Copyright (c) 2021, salesforce.com, inc.\
All rights reserved.\
SPDX-License-Identifier: BSD-3-Clause\
For full license text, see the LICENSE file in the repo root or https://opensource.org/licenses/BSD-3-Clause

**Try this notebook on [Colab](http://colab.research.google.com/github/salesforce/warp-drive/blob/master/tutorials/tutorial-1.b-warp_drive_basics.ipynb)!**

# ⚠️ PLEASE NOTE:
This notebook runs on a GPU runtime.\
If running on Colab, choose Runtime > Change runtime type from the menu, then select `GPU` in the 'Hardware accelerator' dropdown menu.

In [None]:
import torch

assert torch.cuda.device_count() > 0, "This notebook needs a GPU to run!"

# Dependencies

You can install the warp_drive package using

- the pip package manager, OR
- by cloning the warp_drive package and installing the requirements.

We will install the latest version of WarpDrive using the pip package manager.

In [None]:
! pip install -U rl_warp_drive

In [None]:
import numpy as np
from timeit import Timer

In [None]:
from warp_drive.managers.numba_managers.numba_data_manager import NumbaDataManager
from warp_drive.managers.numba_managers.numba_function_manager import NumbaFunctionManager
from warp_drive.utils.data_feed import DataFeed
from warp_drive.utils.common import get_project_root

In [None]:
# Set logger level e.g., DEBUG, INFO, WARNING, ERROR
import logging

logging.getLogger().setLevel(logging.INFO)

# Numba Example

In this tutorial, we will focus on using the Numba backend to run the same content in tutorial 1.a. 

In the following, we will demonstrate how to push and pull data between the host and the device, and how to write simple CUDA functions to manipulate the date. Let's begin by creating a CUDADataManager object. 

We specify a few multi-agent RL parameters in the `DataManager` creator. 

We'll create a multi-agent RL environment with 3 agents, an episode length of 5, and 2 environment replicas.

In [None]:
num_agents = 3
num_envs = 2
episode_length = 5

cuda_data_manager = NumbaDataManager(num_agents, num_envs, episode_length=episode_length)

Now, let's create some (random) data that we would like to push to the device. In the context of RL, this can pertain to the starting states created by `env reset()`. 
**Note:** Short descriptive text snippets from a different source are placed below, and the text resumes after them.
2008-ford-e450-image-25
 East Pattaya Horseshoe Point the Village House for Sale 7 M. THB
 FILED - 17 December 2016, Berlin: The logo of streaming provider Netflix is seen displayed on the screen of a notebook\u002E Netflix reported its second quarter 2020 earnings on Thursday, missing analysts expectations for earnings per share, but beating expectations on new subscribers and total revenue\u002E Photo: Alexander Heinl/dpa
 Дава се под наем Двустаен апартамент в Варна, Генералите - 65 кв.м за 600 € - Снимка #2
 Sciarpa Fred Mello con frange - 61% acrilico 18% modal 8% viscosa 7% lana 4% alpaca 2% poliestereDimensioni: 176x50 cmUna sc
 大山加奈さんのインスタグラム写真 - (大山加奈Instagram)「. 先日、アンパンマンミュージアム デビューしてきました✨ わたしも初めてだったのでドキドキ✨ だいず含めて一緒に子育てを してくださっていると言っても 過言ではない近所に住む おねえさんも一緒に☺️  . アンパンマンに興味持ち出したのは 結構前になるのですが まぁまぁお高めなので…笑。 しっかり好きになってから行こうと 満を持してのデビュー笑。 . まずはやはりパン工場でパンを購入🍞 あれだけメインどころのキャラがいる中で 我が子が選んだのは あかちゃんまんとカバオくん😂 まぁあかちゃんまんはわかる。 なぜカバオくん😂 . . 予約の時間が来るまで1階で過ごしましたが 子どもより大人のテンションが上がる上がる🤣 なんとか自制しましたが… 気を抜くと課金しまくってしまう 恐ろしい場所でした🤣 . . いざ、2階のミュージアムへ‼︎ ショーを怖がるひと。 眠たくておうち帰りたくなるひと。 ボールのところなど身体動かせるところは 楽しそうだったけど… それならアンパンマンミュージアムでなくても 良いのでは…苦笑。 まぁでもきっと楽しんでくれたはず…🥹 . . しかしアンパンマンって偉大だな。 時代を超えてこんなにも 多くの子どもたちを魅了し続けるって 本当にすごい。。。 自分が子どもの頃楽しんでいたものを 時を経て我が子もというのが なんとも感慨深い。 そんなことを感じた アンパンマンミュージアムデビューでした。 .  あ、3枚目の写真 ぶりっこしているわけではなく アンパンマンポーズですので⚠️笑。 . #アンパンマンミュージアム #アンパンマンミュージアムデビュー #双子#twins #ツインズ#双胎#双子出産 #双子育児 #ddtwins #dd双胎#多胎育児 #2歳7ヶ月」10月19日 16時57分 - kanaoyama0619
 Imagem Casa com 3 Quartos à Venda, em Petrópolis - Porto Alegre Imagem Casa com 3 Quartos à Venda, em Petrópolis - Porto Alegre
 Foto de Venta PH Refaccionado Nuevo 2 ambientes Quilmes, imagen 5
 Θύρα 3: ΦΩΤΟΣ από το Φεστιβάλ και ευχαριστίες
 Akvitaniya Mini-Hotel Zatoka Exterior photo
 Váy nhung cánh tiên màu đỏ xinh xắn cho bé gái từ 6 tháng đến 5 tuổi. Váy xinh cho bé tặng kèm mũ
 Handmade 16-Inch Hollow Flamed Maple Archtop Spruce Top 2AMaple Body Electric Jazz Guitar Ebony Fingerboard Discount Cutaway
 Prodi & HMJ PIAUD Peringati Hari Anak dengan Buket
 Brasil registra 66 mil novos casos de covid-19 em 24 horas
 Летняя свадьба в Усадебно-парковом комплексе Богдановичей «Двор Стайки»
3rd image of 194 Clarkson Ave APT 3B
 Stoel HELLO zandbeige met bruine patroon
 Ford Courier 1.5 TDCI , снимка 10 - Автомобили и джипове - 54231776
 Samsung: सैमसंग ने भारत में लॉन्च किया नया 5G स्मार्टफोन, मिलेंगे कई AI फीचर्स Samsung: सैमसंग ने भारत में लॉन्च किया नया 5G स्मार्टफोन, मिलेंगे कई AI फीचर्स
The starting states are arrays that need to hold data such as observations, actions and rewards during the course of the episode. They could also contain environment configuration settings and hyperparameters. 

Each environment and agent will have its own data, so we create a `(num_envs, num_agents)`-shaped array that will be pushed to the GPU.

In [None]:
random_data = np.random.rand(num_envs, num_agents)

In [None]:
random_data

# Push and pull data from host (CPU) to device (GPU)

In order to push data to the device, we have created a **DataFeed** helper object. For all data pushed from the host to device, we will need to provide a name identifier, the actual data, and two flags (both default to False):

- `save_copy_and_apply_at_reset` - if `True`, we make a copy of the starting data so that we can set the data array to that value at every environment reset, and
- `log_data_across_episode` - if `True`, we add a time dimension to the data, of size `episode_length`, set all $t>0$ index values to zeros, and store the data array at each time step separately. This is primarily used for logging the data for an episode rollout.

In [None]:
data_feed = DataFeed()
data_feed.add_data(
    name="random_data",
    data=random_data,
    save_copy_and_apply_at_reset=False,
    log_data_across_episode=False,
)

In [None]:
data_feed

The CUDA data manager provides the **push_data_to_device()** and **pull_data_from_device()** apis to handle data transfer between the host and the device.

In [None]:
cuda_data_manager.push_data_to_device(data_feed)

Notice that the data manager casted the data from float64 to float32. CUDA always uses 32-bit floating or integer representations of numbers.

In [None]:
data_fetched_from_device = cuda_data_manager.pull_data_from_device("random_data")

The data fetched from the device matches the data pushed (the small differences are due to type-casting).

In [None]:
data_fetched_from_device

Another integral part of RL is training. We also need to hold the observations, actions and rewards arrays. So fo training, we will wrap the data into a Pytorch Tensor.

## Making Training Data Accessible To PyTorch

Note that pushing and pulling data several times between the host and the device causes a lot of communication overhead. So, it's advisable that we push the data from the host to device only once, and then manipulate all the data on the GPU in-place. This is particularly important when data needs to be accessed frequently. A common example is the batch of observations and rewards gathered for each training iteration. 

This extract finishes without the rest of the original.